# Official Contest: The Silver Screen



## Dragoneer (Jun 24, 2006)

[align=center][size=x-large]Lights! Cameras! HAIRBALLS![/size][/align]Since the dawn of time and the advent of fire, mankind has dreamt of fame, fortune and stretch limousines. The glamour of Hollywood was powerful enough to draw early man to create the wheel and further the progress of invention to lead up into the Age of the Silver Screen.

ENTER THE MOVIES!

Illustrate your character(s) in the style of cinematic papery masterpieces! The film posters! Your luxurious, silk-lined contest entry must be styled after the movie posters of advertising fame, complete with necessary kitsch tagline! With over a hundred year of cinema to pick and choose, there's a near limitless amount of reference to pick and choose. 

So let your imagination loose, summon the soul of Spielberg and let the art begin. Onward to the art, in the name of fun and bite-sized grillable sausages!

*THE SWAG:*
The Grand Poopah:
1x - $200 fat loot.

Runner-Up Prizes:
4x - $60 cash prizes of filthy lucre.

*THE DRAG:*
Rules, baby. It's all about the rules, and it's our job to lay some rules-legal smackdown on you. Images may not contain exceed Mature Rating.

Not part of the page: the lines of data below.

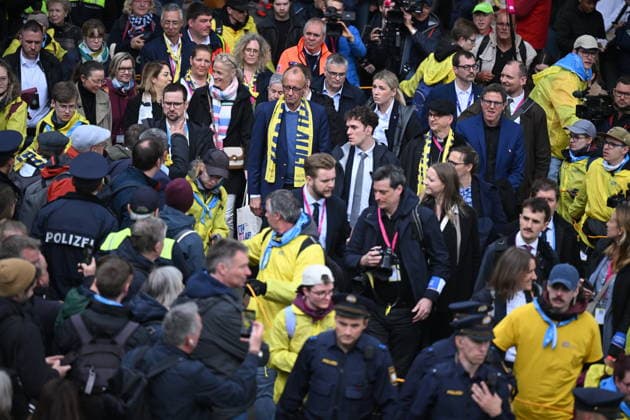 Chancellor Friedrich Merz CDU, M with Katholikentag scarf on a tour of the Katholikentag in Wuerzburg in the photo from 15 05 2026 Several tens of thousands of participants are expected to attend a tota Copyright: epd-bild DanielxPeter DSC_1712.jpeg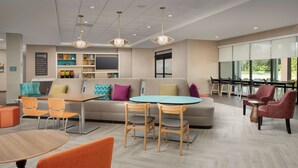 Un moderno vestíbulo de hotel con un sofá, sillas, una mesa y un televisor.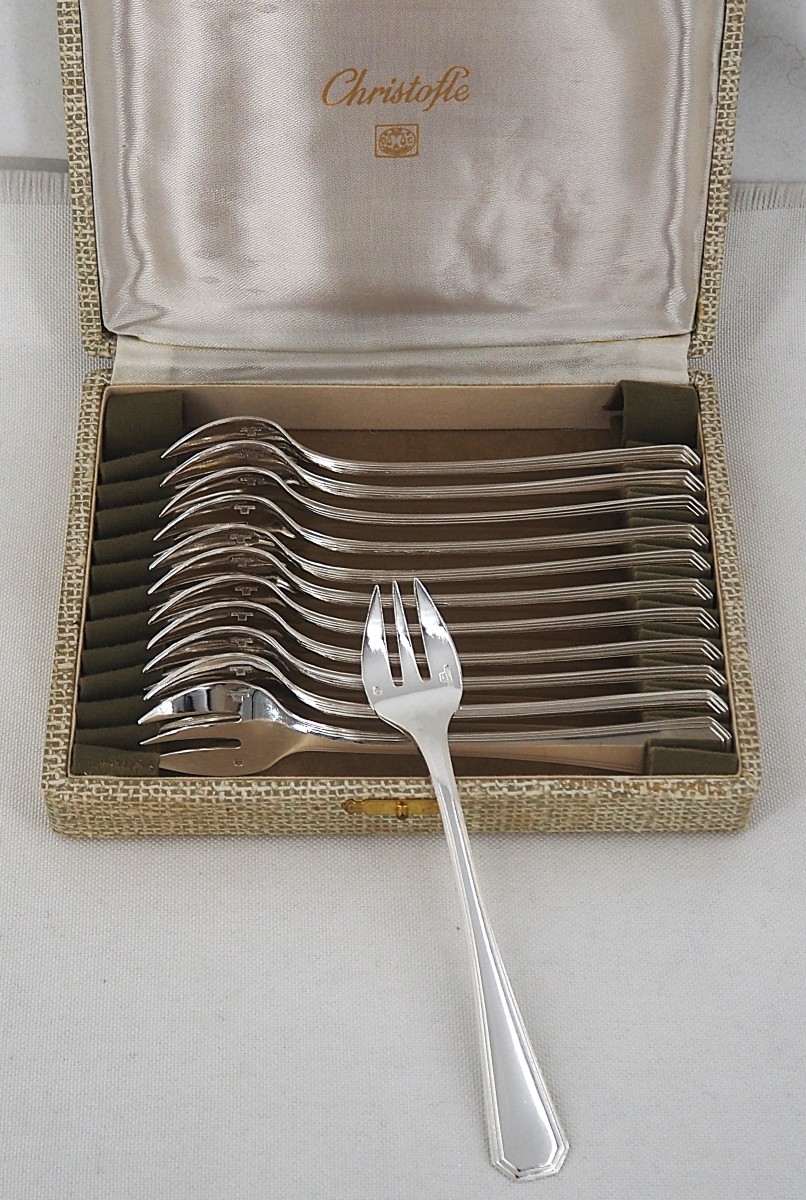 Christofle modèle América, 12 fourchettes à huitres, métal argenté, Art déco.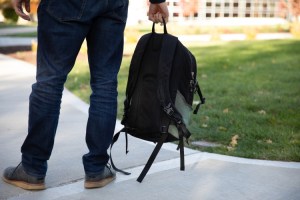 student holding backpack by legs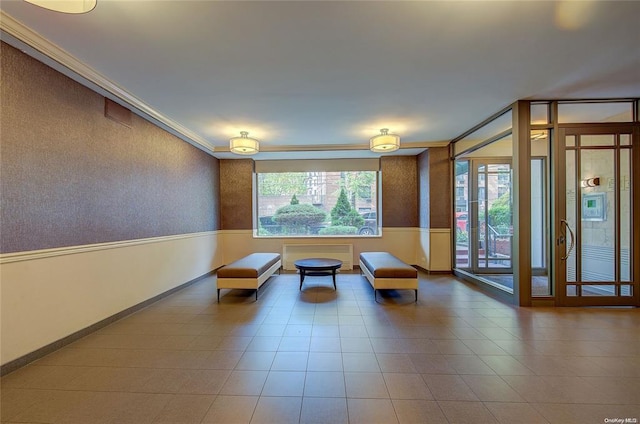 unfurnished room with tile patterned flooring, ornamental molding, and a wealth of natural light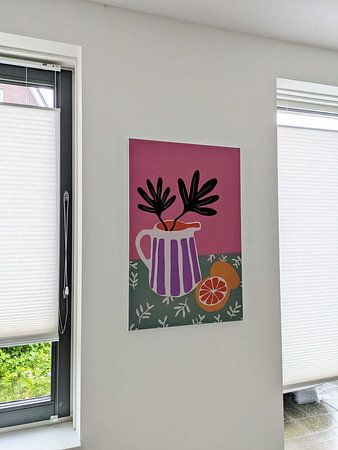 Pichet rayé avec feuilles et oranges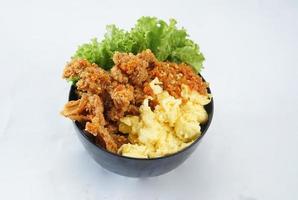 Crispy fried chicken and eggs in a black bowl photo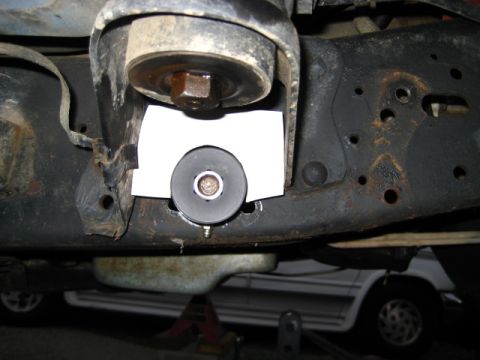 1989 Ford Bronco - Close-up view of a suspension component, possibly a body mount, with a template for modification.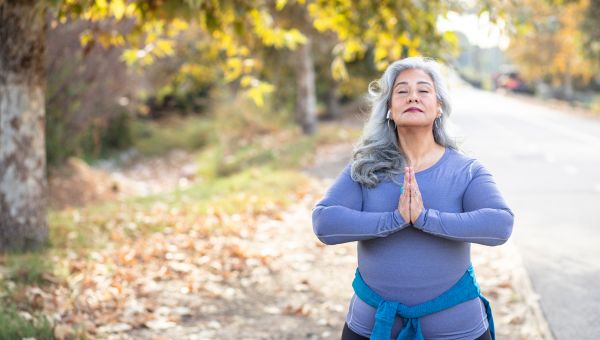 Older woman with long gray hair, doing a yoga namaste pose with their hands.
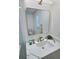 Elegant bathroom vanity with quartz countertop, sleek mirror, and stylish fixtures offering a touch of sophistication at 2869 Thistle N Ct, Palm Harbor, FL 34684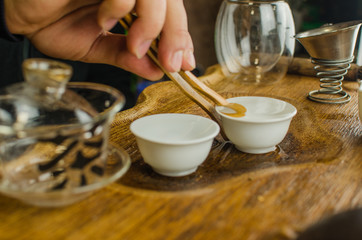 Chinese tea ceremony with Anchnag on wooden background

This means that *your entry may contain*: violence, language, explosions... _oh god, the explosions!_ *Entries may not contain*: sexual nudity. 

*Entries must be submitted by SEPTEMBER 30TH, 2006.* All entries must be posted to a valid www.furaffinity.net account (so don't get banned!). Accounts must be in good standing at time of closure. There is no limit to the amount of entries you can make, so spam us down, baby!.

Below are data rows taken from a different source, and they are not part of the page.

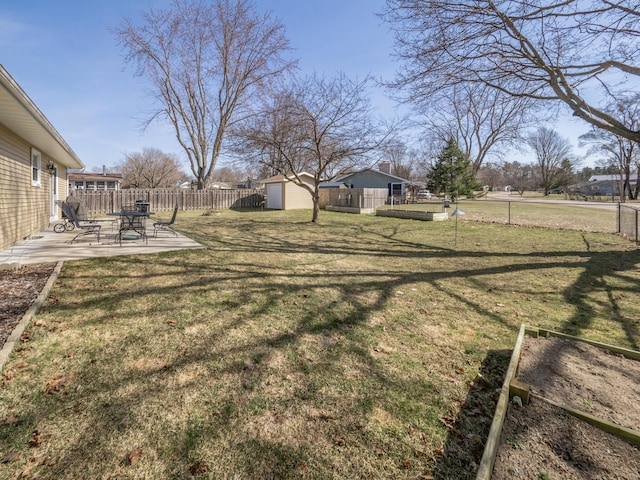 view of yard featuring a patio area, a shed, an outdoor structure, and a fenced backyard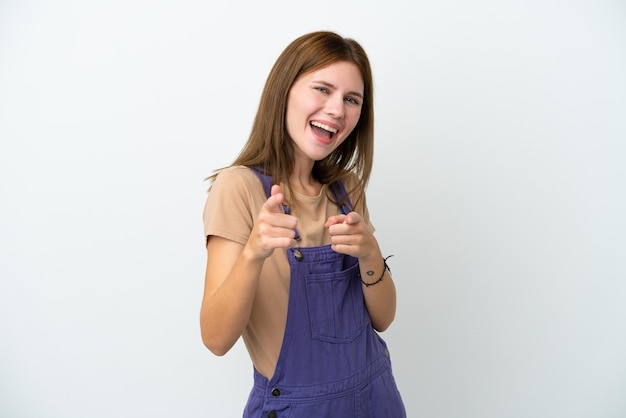 Young English woman isolated on white background surprised and pointing front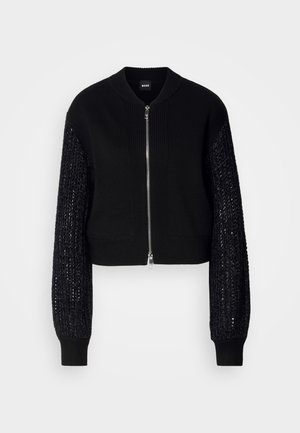 Cropped black knitted cardigan with a solid body, ribbed neckline, and textured knit sleeves. Features a front zip closure and elastic cuffs.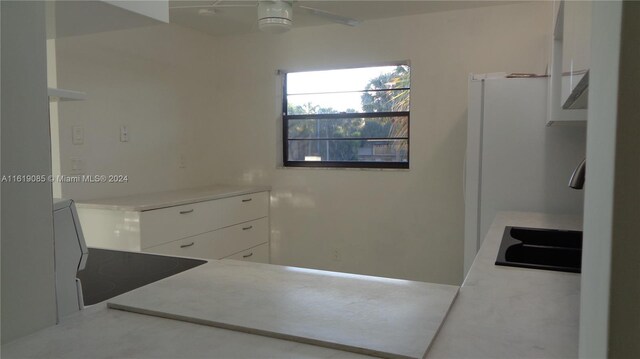 kitchen featuring concrete floors, white cabinetry, and ceiling fan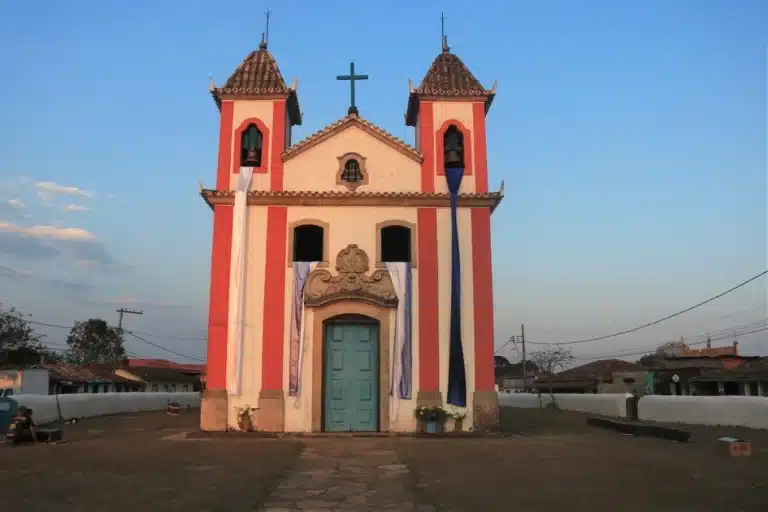 Fachada da Igreja Nossa Senhora dos Prazeres, decorada com fitas brancas e roxas, no centro do distrito de Lavras Novas, incluída no plano de tombamento provisório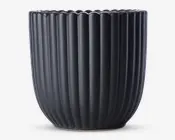 En mat sort beholder med lodrette riller og en afrundet, let tilspidset form. Kanten har en blødt bølget dekoration, som giver et elegant udtryk. Overfladen er glat, og designet er moderne og minimalistisk.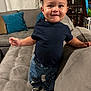 toddler, child, couch, living_room, jeans, shirt, shoes, smiling, standing, curly_hair, plush, cushions, home_interior, furniture, portrait, indoor, cute, happy, person, casual_clothing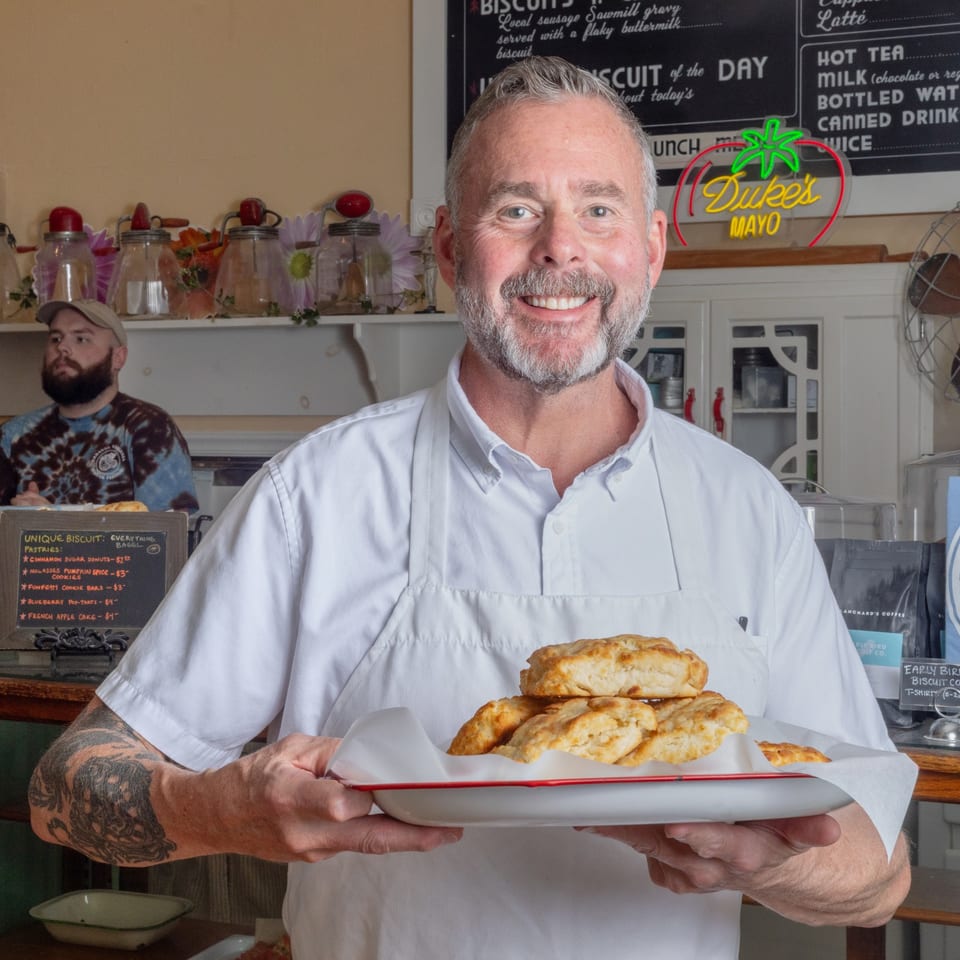 Owner holding fresh biscuits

Please post your entries to the contest in the official entry thread.

All art submitted to the contest must be a new creation. Any previously uploaded or drawn artwork will be disqualified. Do NOT submit older images which have previously been posted here or on other sites (we will check, and if found, if verified we will disqualify you!).

Submissions which do not abide by the above rules will be automatically disqualified and set on fire. This contest is open to any artist on FA (administration excluded). Prizes will be paid by U.S Money Order, Paypal or Xoom only. 

*THE COUNCIL:*
Judging will be performed by the Fur Affinity administration. All entries will be judged on creativity and effort as opposed to purely skill. Additional judges may be added over time. 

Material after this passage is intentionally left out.